Oil is 60 percent of CEMAC’s exports and earnings halved from 2014-16 as the current account deficit neared 10 percent of output. Public debt rose 20 percent, approaching 50 percent of GDP, and international reserves dipped $10 billion to cover only two months’ imports, below the danger threshold exacerbated by the fixed exchange rate. The Fund arrangements feature standard formulas to correct imbalances and also limit further commercial borrowing from Cameroon and Gabon, which have issued Eurobonds and are components in JP Morgan’s NEXGEM index. Cameroon is to prioritize infrastructure projects from domestic and donor resources, and boost non-oil revenue through land taxes and ending exemptions. High bad loan levels and insolvent banks will be resolved and private sector “administrative obstacles” slashed, with 3.5 percent of GDP safeguarded for education and health spending. Gabon will improve public finance management and show progress across the World Bank’s “Doing Business” indicators, especially on company startup, construction permits, property registration and contract enforcement. After getting the first installment of its $650 million facility, GDP growth stabilized in mid-year at 1 percent with oil price recovery and mining, timber and construction contributions, with exports up almost 40 percent on an annual basis. Both Cameroon and Gabon are led by longstanding rulers, and their governments must follow extractive industry transparency initiative (EITI) reporting and also clear and disclose outstanding contract arrears.

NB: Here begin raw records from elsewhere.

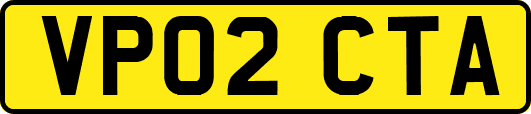 VP02CTA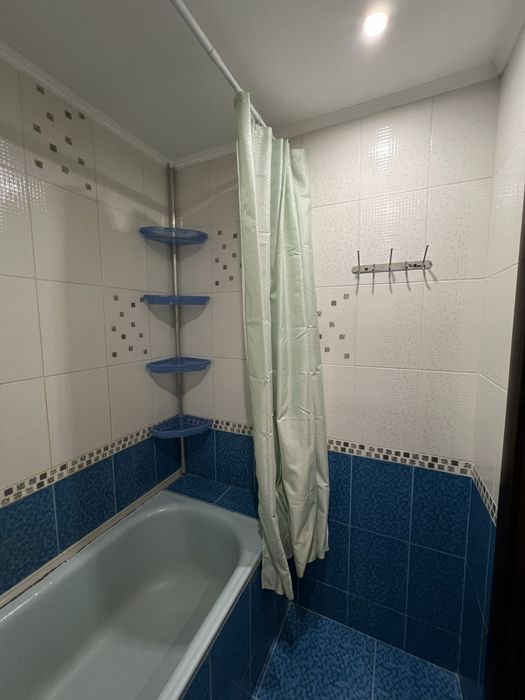 Квартира на вул. Китобоїв в Миколаєві, ID 405030, фото №10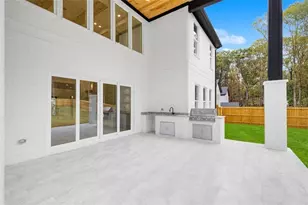 2598 Camp Mitchell Rd, Grayson, GA 30017 - Photo 60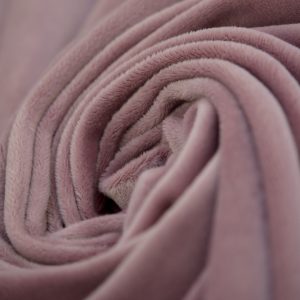 Catifea Soft - Sport Roz Prafuit 1.80 m Latime 4 Catifea sport roz prafuit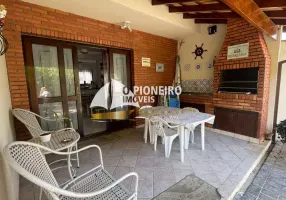 Foto 1 de Casa de Condomínio com 2 Quartos à venda, 90m² em Praia de Juquehy, São Sebastião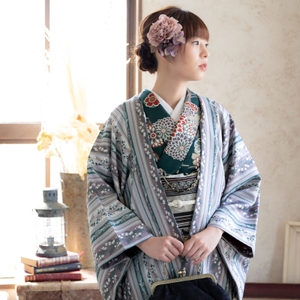 PM1DoJII9rVkkEu4xmpM.jpg?w=940&h=940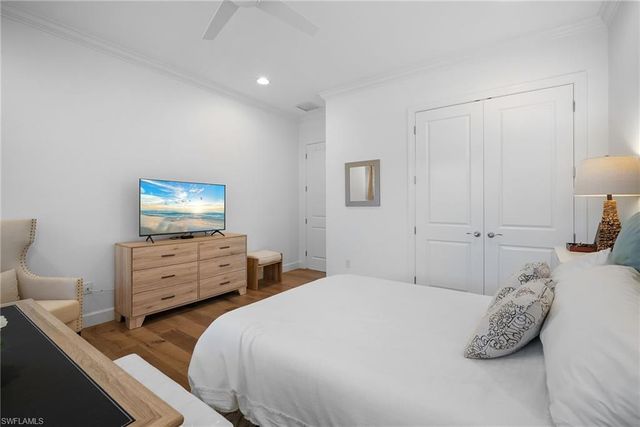 3307 Chestnut Grove DR, Alva, FL 33920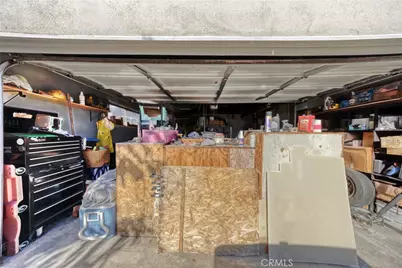 674 Senate Street, Costa Mesa, CA 92627 - Photo 33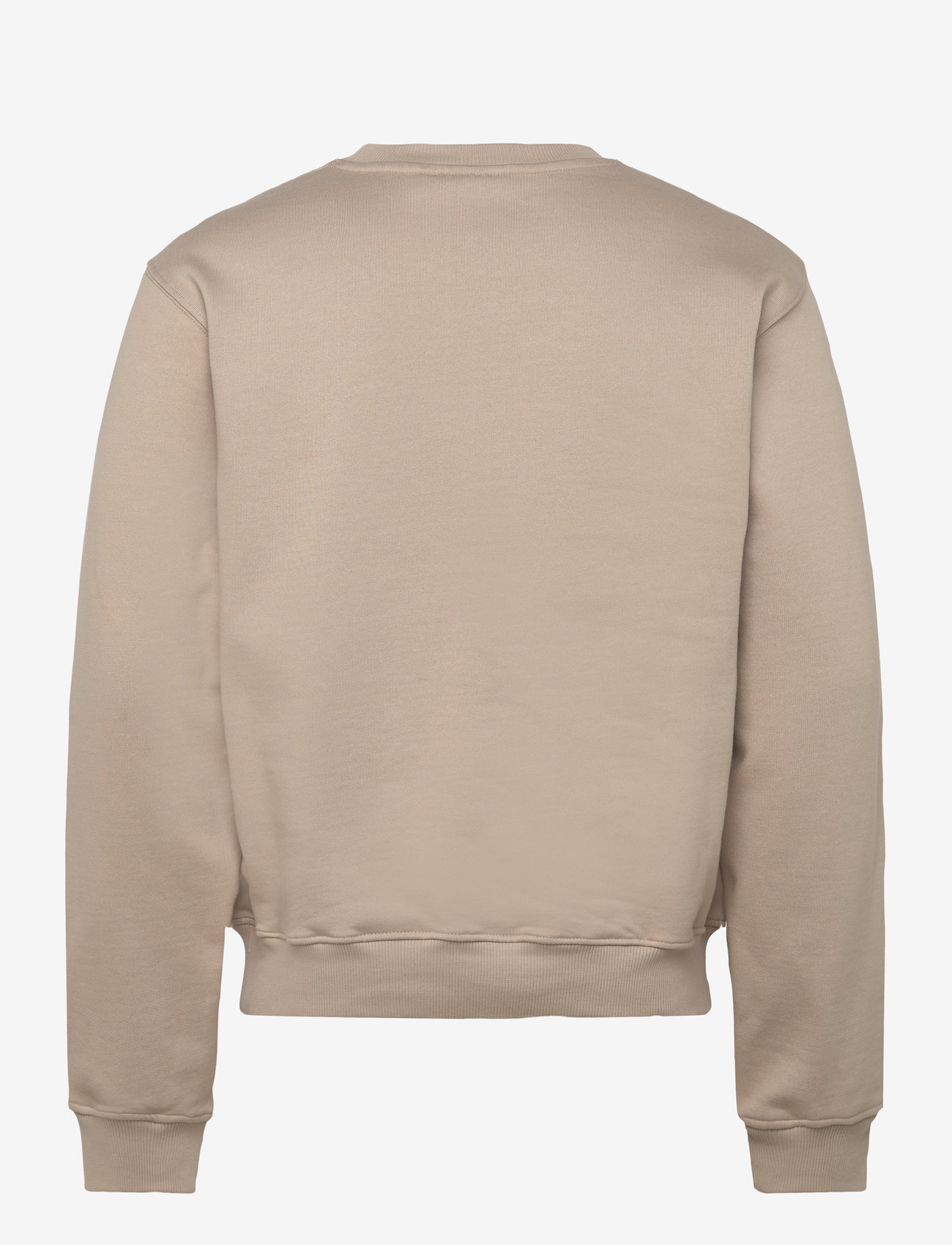 Daily Paper - tag sweater - sweatshirts - nacreous cloud - 1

Chad, which must restructure external commercial debt, and the Central Africa Republic, gripped by civil war, face similar program criteria with larger relative allowances for anti-poverty outlays.
As of April the central bank BEAC’s gross reserves were $4.5 billion, as it worked to maintain the integrity of the decades old CFA Franc structure, deal with the 15 percent commercial bank non-performing loan ratio, and tighten monetary policy through a 50 basis point interest rate hike and reduced access to overdraft facilities. Excess liquidity has evaporated from the system, which now requires emergency lines and recapitalization, according to a June IMF regional policy report. Stricter statutory ceilings on government borrowing will apply, and banks in turn will face collateral limitations for refinancing under the latest Fund pacts. Interbank foreign exchange and capital markets will also deepen, and supervision is due to strengthen next year with enforcement of prudential rules including connected lending, risk concentration, asset provisioning and board conduct alongside basic capital sufficiency. Several smaller banks have been closed and seized, most recently in Gabon, and with the deposit insurance regime to be finalized in 2018 other “orderly” insolvencies are likely following the terms agreed between the BEAC regulators.
These promises have fallen short in past efforts, and even if honored member countries could plot their own future direction apart from conventional recipes. They could explore a phased devaluation or peg to a wider currency basket, to include the dollar and major emerging market units given trade and investment links. “Single passport” cross-border banking approaches should be revisited in full operational and regulatory senses and the dormant Central African securities market, with a few government and state company bond listings, can be cast as an active private sector debt and equity platform, or merged with the bigger nearby West African bourse so this frontier region charts a proprietary path that is no longer desperate.